Zonos
1
Hi!
I’ve setup my own OpenVpn server on AWS using an EC2 instance and I have a GL-AR150 router with OpenWRT configured to connect to the VPN Server.
Now, I want to have some EC2 running network scans such as NMAP on my VPN Network and all the devices that are latched onto it. The only problem is that whenever I run any scanning tools the only thing that is showing up is the router.

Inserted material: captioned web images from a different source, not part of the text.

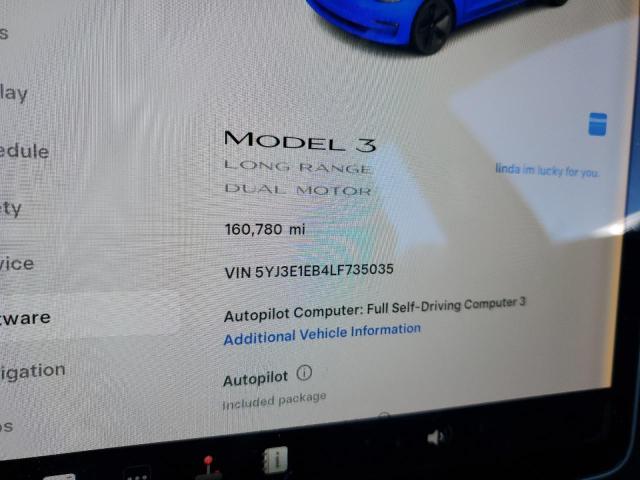 2020 TESLA MODEL 3 5YJ3E1EB4LF735035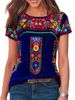 2023 Summer European And American Foreign Trade New Women's Clothing Bohemian Print Round Neck Short Sleeve T-Shirt Top_ecoleips.com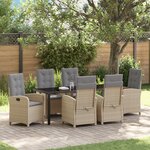 vidaXL Ensemble de Salle à Manger de Jardin 7 Pièces avec Coussins - Rattan Poly Beige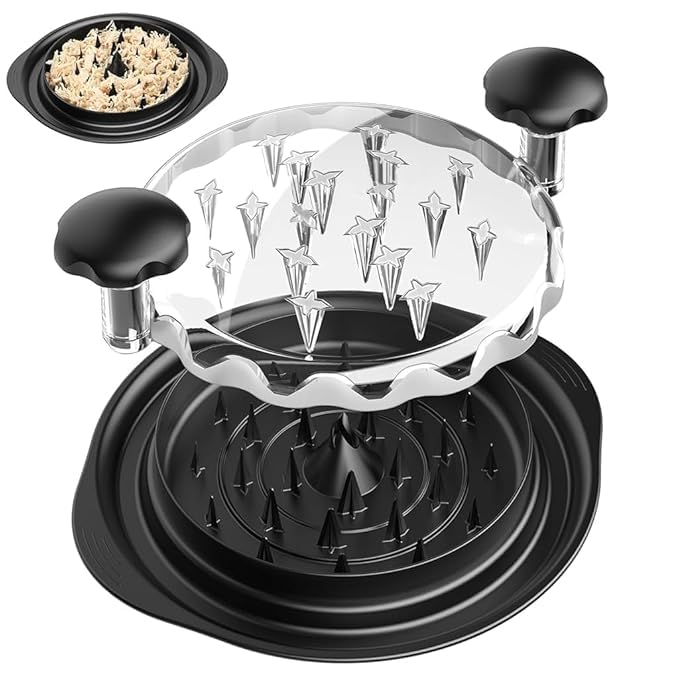 GNOLY Chicken Shredder Machine Meat Shredder Tool with Clear Cover Handles and Non-Skid Base for Ground Beef Pulled Pork and Chicken Safer Than Bear Claws for Shredding Meat - Image 1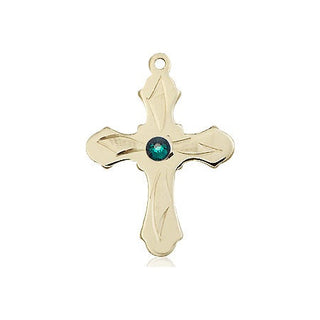 14kt Gold Cross Medal with a 3mm Emerald Swarovski stone Engraved Catholic Saint Jewelry
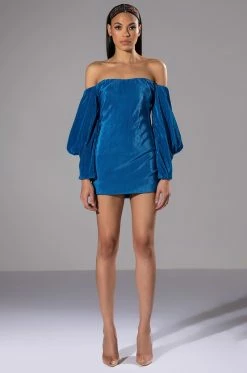 FAYE OFF THE SHOULDER PLEATED MINI DRESS 10 FAYE OFF THE SHOULDER PLEATED MINI DRESS -AKIRA Sales Shop faye off the shoulder pleated mini dress teal 3 3 c1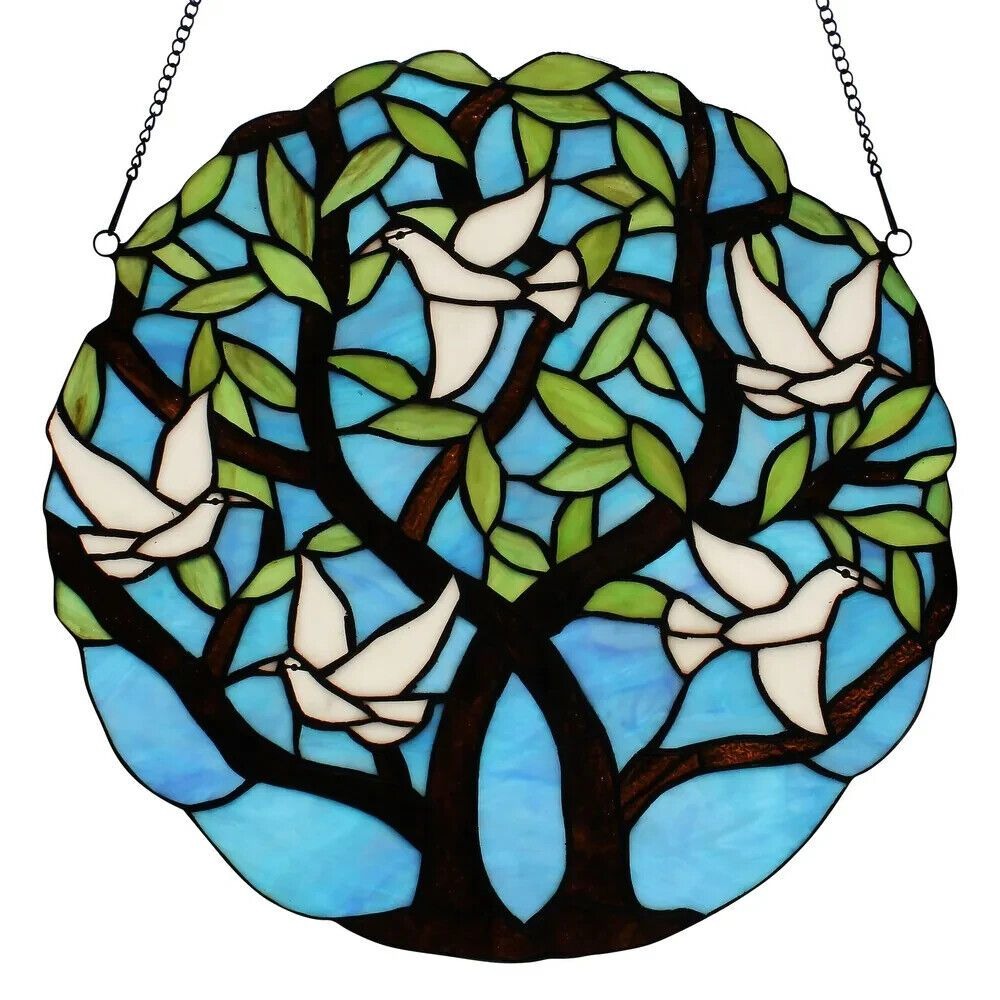 Tiffany Style Stained Glass14in Round Hanging Window Panel Suncatcher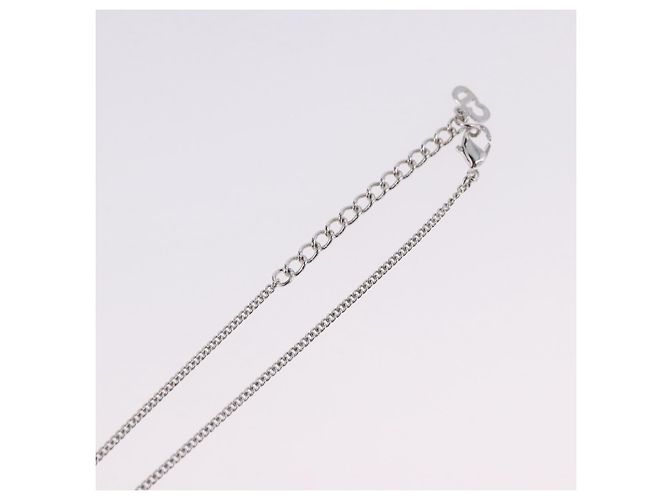 Collana Christian Dior Metallo Argento Auth ka5450 - vista 11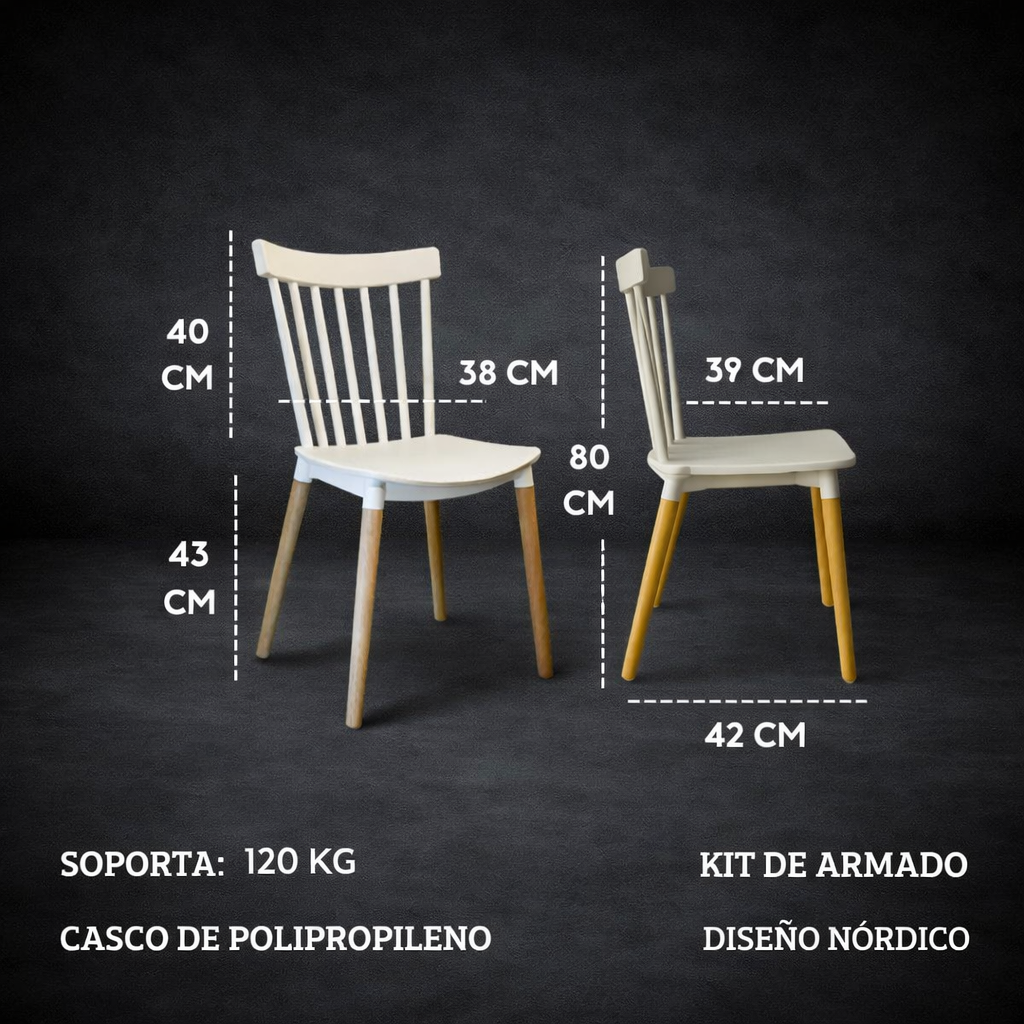 SILLA WINDSOR BLANCO X 4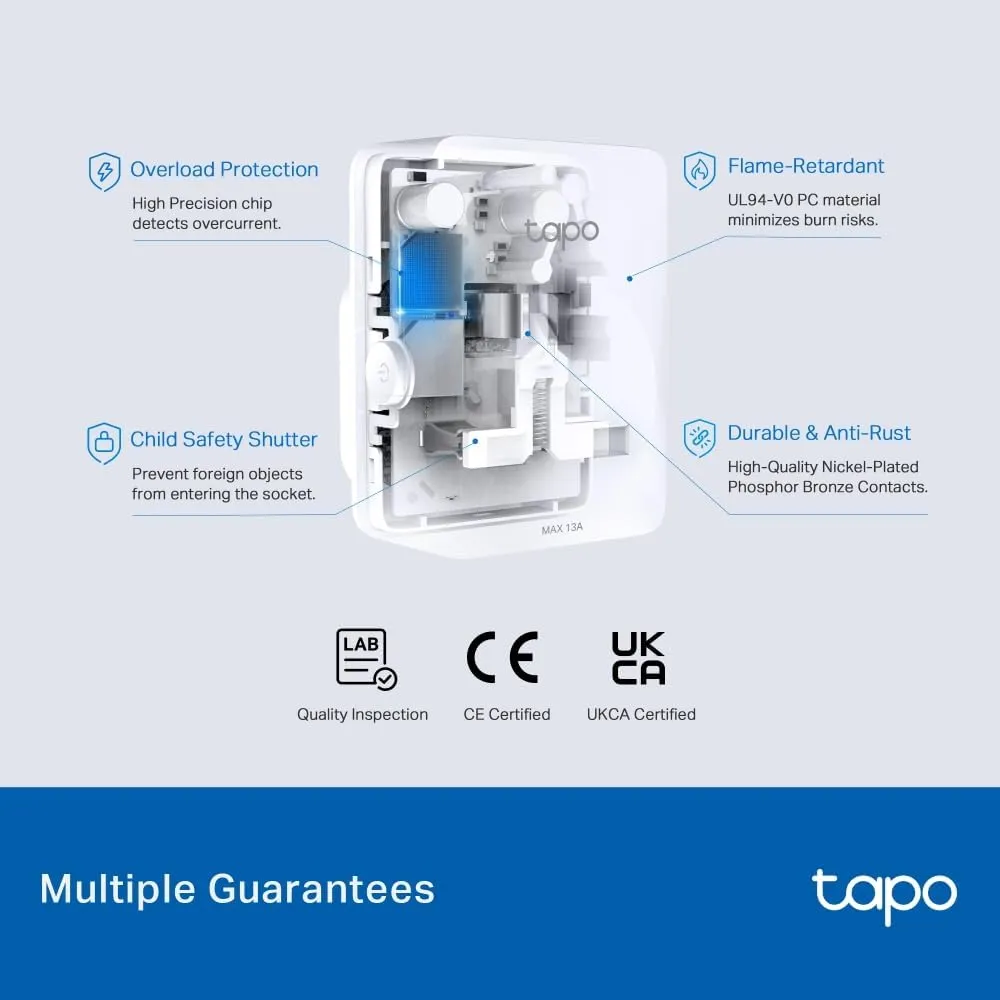 Tapo Mini Wi-Fi Smart Plug | Matter Certified, Energy Monitoring, Alexa, Google & Apple Home Compatible | Schedule & Timer, Voice Control (Tapo P110MA)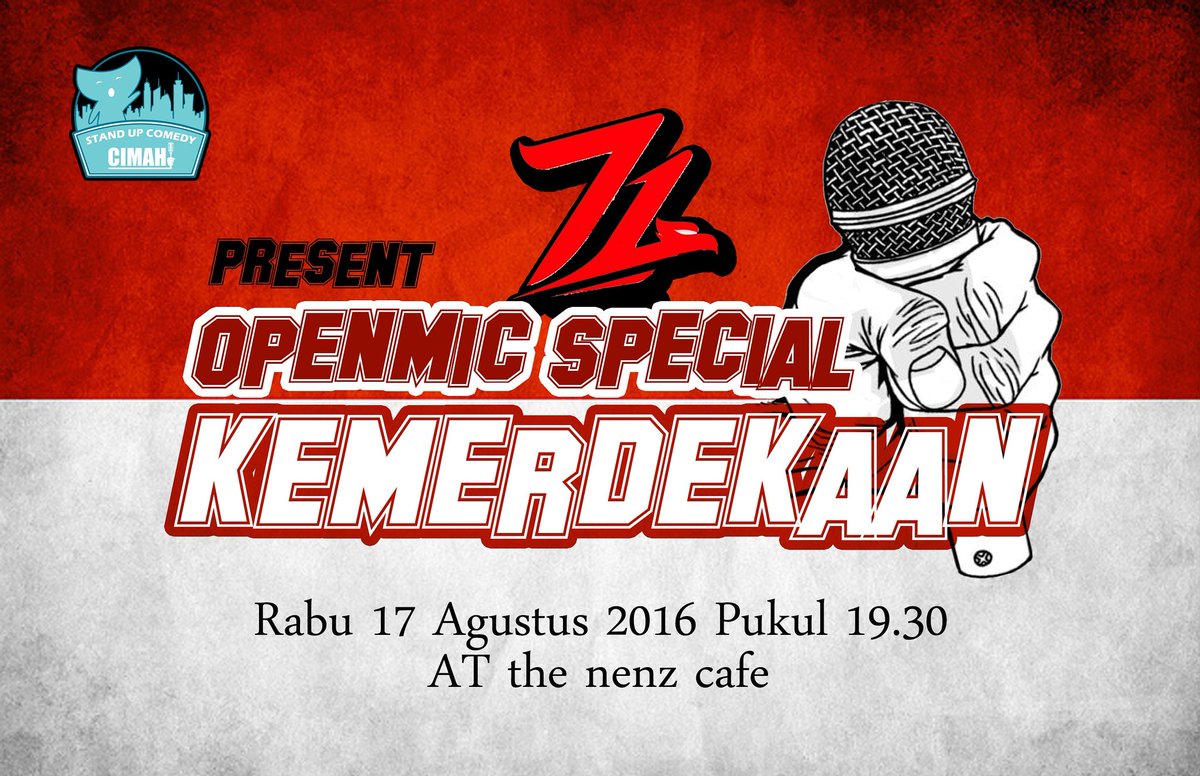 Standupindo_cmh's tweet photo. Dan dnger2 di #OpenMicCMH #SpesialKemerdekaan ini bakalan ada hadiahnya,, makanya lgsg dateng ajah nanti malam ya 😆😆 https://t.co/zyNhLPKDft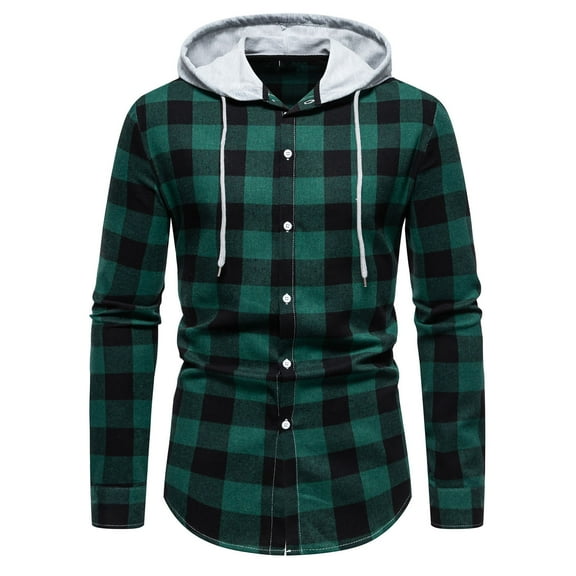 AnuYalue Men's Flannel Hoodie Shirts Casual Plaid Button Down Pullover Long Sleeve Stylish Hooded Sweatshirt with Pocket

Is it possible/way to be able to view all the devices connected through a vpn router on the vpn server (or by a device connected on the same VPN server)? Or is the idea I’m looking for far fetched and impossible
Sorry if I’ve worded anything wrong or confusing!
Thanks!
jeffsf
2
Let’s say that your VPN end points are 198.51.100.150 (on your AR150) and 192.0.2.102 (in the cloud). Further, your internal net is 10.0.0.0/24. To scan the 10.0.0.0 net from the cloud instance, it needs a route to the internal net, and that internal net needs a route back to the instance itself. I’d bet that one or the both of those routes are missing. (Running your pen-test tooling on the network itself is also an option.)
Zonos
3
Thanks for the reply! I think you’re probably right, I’m pretty sure I have not routed the instance to the internal net and vice versa. Would something like this have to exist on both the server and client config files? I.e. I am slightly unsure where to add/implement these.
jeffsf
4
I’m not certain about the config files vs. static routes, but, yes, the cloud instance needs an interface and a route to the 10.0.0.0 net and the AR150 end point needs a route back to that interface on the cloud instance.
Zonos
5
Thanks for this! I understand in theory what needs to be done, going to do some digging around to see if i can actually implement it and hope it works.